The latest official survey of Fed policy makers, conducted in June, shows that most project raising rates through 2023 to at least 3.5% to 3.75% or higher, up from the current Fed funds target of 2.25% to 2.5%. Last month Mr. Powell told reporters that those June projections remain a good guide.

Mr. Kashkari, who will vote on Fed policy next year, said the target rate might need to reach 4.4% by the end of 2023.

Futures markets, on the other hand, anticipate that rates will peak sooner—next spring—and that the Fed will quickly pivot to easing policy. Traders in these markets expect the Fed to bring its target rate back down to around 3.2% to finish 2023, according to data from Tradeweb.

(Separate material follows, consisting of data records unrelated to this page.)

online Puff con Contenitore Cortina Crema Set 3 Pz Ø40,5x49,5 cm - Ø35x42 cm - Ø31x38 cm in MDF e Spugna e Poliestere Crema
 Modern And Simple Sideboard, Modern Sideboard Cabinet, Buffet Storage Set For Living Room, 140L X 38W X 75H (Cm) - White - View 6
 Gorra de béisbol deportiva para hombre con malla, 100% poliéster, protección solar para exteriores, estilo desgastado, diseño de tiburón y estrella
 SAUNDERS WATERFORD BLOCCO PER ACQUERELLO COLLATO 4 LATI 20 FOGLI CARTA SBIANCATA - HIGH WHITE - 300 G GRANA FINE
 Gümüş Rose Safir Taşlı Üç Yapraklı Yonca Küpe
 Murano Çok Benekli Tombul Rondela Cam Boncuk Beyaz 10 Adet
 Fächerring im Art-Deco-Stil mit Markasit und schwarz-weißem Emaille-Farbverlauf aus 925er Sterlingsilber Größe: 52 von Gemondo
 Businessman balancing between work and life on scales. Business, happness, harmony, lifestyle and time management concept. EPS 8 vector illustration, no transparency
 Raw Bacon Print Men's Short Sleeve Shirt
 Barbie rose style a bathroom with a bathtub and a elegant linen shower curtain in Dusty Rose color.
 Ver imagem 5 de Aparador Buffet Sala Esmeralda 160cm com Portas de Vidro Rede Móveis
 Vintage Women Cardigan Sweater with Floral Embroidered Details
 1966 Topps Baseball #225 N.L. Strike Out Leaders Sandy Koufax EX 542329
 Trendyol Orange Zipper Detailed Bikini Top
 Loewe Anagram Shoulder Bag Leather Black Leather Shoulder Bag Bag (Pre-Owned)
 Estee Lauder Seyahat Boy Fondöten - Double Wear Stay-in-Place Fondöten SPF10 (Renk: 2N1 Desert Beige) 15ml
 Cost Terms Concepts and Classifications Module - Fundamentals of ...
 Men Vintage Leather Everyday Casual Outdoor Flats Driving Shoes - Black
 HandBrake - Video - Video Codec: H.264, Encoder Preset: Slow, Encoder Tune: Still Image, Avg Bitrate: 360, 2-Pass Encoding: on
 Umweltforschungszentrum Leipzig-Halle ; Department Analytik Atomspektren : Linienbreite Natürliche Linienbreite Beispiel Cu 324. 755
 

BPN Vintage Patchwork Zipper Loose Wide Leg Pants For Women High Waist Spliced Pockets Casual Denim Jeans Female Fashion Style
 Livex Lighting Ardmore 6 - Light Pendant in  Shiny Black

“I think the market’s been interpreting Powell’s comments the way they want to, instead of the way Powell intended them to be interpreted,” said Gautam Khanna, a portfolio manager at Insight Investment, part of BNY Mellon.

Fed officials have been adamant that tackling inflation is their priority, so a switch to lowering rates again next year would probably only follow significant progress corralling prices, BlackRock’s Mr. Miller said.

“It’s funny how that word ‘transitory’ was stricken from all our vocabularies a year ago,” he said. Now, he added, transitory is precisely what the market is betting on once again.